Generally speaking, buyside firms’ technology will need to become more nimble and operate in real time. For example, due to T+1, the buyside will need technology that supplies prime brokers with real-time trade details as trades are matched between the asset manager and executing broker. Currently, buyside firms deliver trade data to executing brokers and prime brokers separately, which would not be appropriate for T+1 settlement if there were any trade discrepancies.
Sellside firms will require something akin to a real-time view of cash flows and inventories across the organisation. According to Broadridge, most firms currently do not have a holistic, real-time overview of their inventories, with positions spread between multiple DTCC accounts across multiple business lines and jurisdictions.
Business impact
In a T+1 settlement cycle, if a trade is executed today, the confirmation or affirmation process should occur on the trade date, effectively leaving no margin for error.

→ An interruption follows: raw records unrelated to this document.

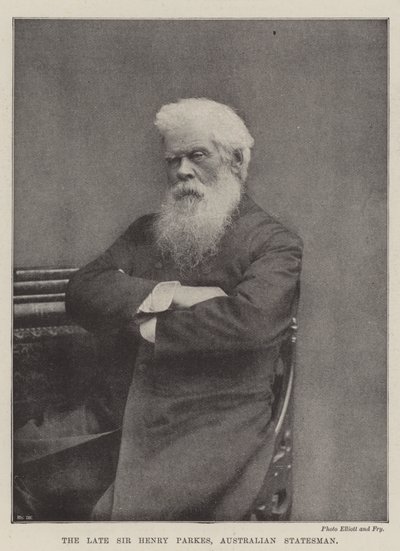 El Difunto Sir Henry Parkes, Estadista Australiano de English Photographer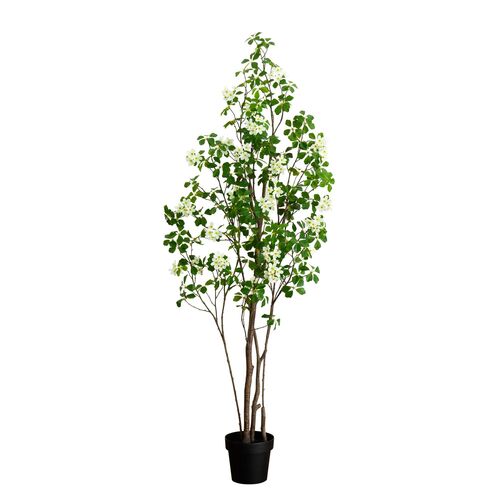 6ft. Artificial Dogwood Tree with Real Touch Leaves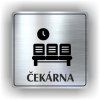 Cedule čekárna – plast (piktogram)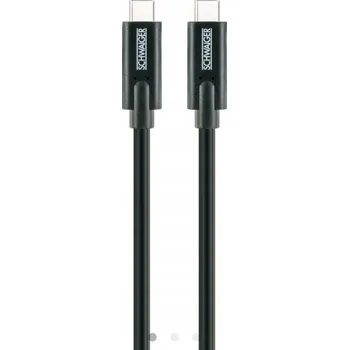Datový kabel Kabel Schwaiger USB - USB 3.1 typ C 1 m černý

It is key to note that the adjustment to the T+1 settlement cycle is not only a post-trade issue faced by post-trade divisions in firms, but rather, one faced by the entire firm. Critical business areas, ranging from front office trading desks to back office accounting and reconciliations teams will have to increase the speed and precision in which they carry out their daily duties. For example, the back office will need to come up with a process of swiftly updating and managing account information to provide the front office with an accurate overview of the actual cash balance available to them before executing a trade. Some middle office departments will now largely have to re-paper client agreements and shift to e-contracts. Given these increased pressures, a more unsettled and frenetic workflow could ensue. Again, this could lead to more errors being made, especially if personnel don’t have the sufficient skill sets to operate new technologies. Generally speaking, the shift to T+1 settlement will require a new mindset for financial firms, with automation having to override familiar but equally inefficient processes, such as batch processing. In addition to technical expertise, softer skills such as organisation and communication across different business departments will be of paramount importance.

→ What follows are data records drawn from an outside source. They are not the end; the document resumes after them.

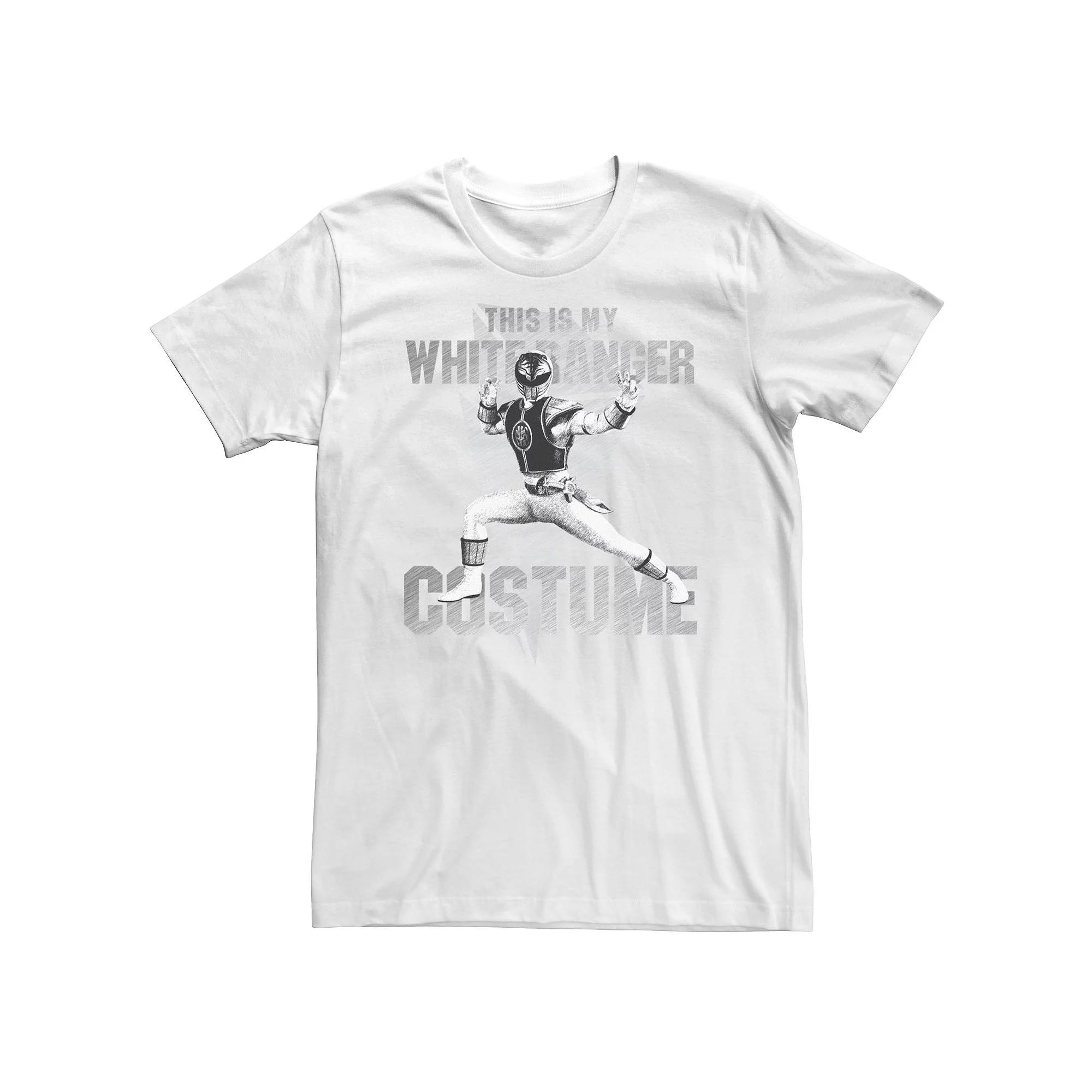 Big & Tall Power Rangers White Ranger Halloween Costume Tee, Men's,  Product Image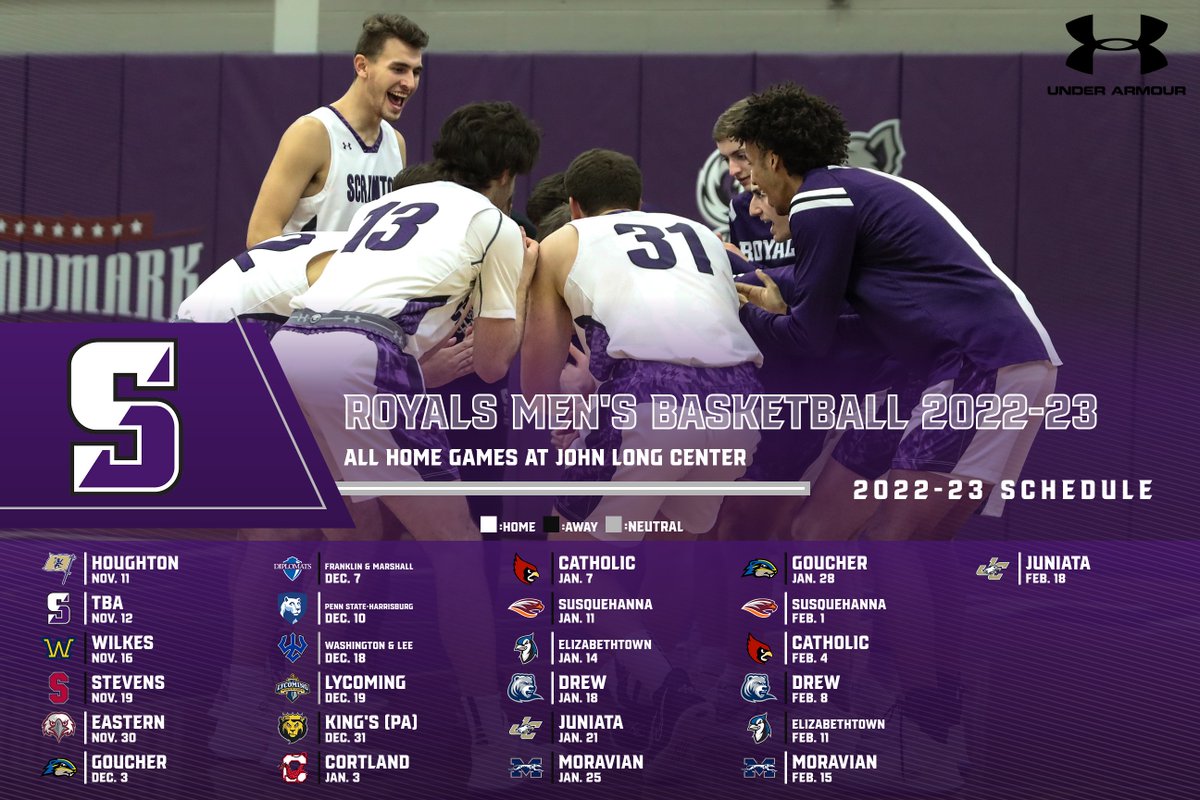 MBB: We will have a few more schedule releases on tap this week, first up @ScrantonBball! The Royals host Houghton to open the 2022-23 campaign on Friday, Nov. 11! #GoRoyals

For more, head here: athletics.scranton.edu/sports/mbkb/20…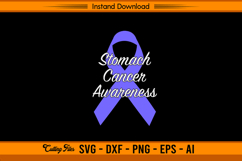 Stomach Cancer Awareness Ribbon SVG Design Product Image 1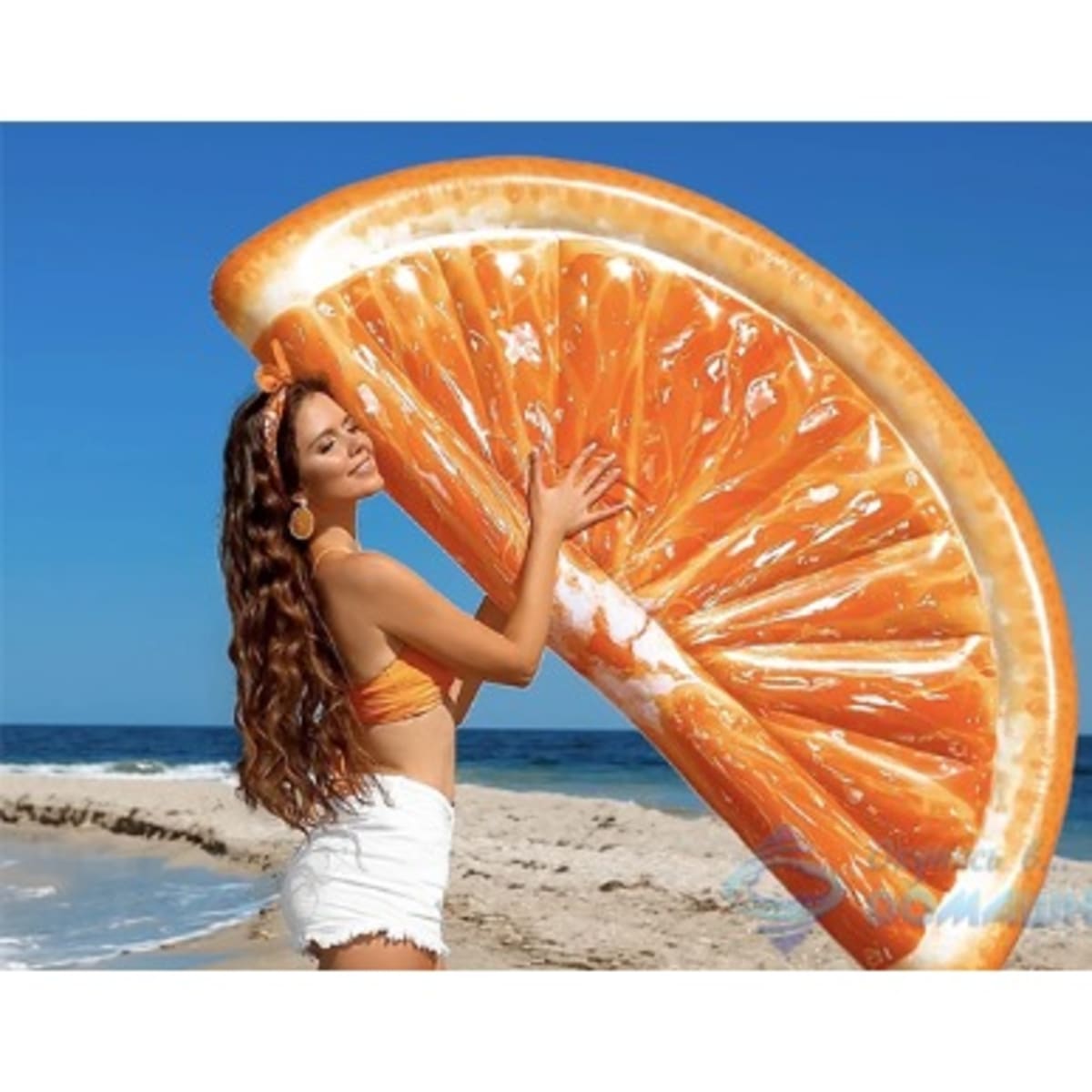Orange slice pool float shop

The significance of the impact felt by financial firms in the new settlement cycle is also determined by the size and location of a firm’s core business. Smaller firms may find the reduced settlement cycle harder to deal with than larger ones, due to disparities in the size of teams who have to deal with the same, tighter settlement deadlines as their larger counterparts, while also fulfilling other duties. It may be necessary for headcounts to be increased or for the working hours of employees to be altered through implementing shift work.
In-scope firms will also need to adjust to time zone constraints, with businesses needing to exercise the possibility of outsourcing, or re-locating employees. As shown in part two of this three-part series, firms in the APAC region are set to be most affected by time zone challenges.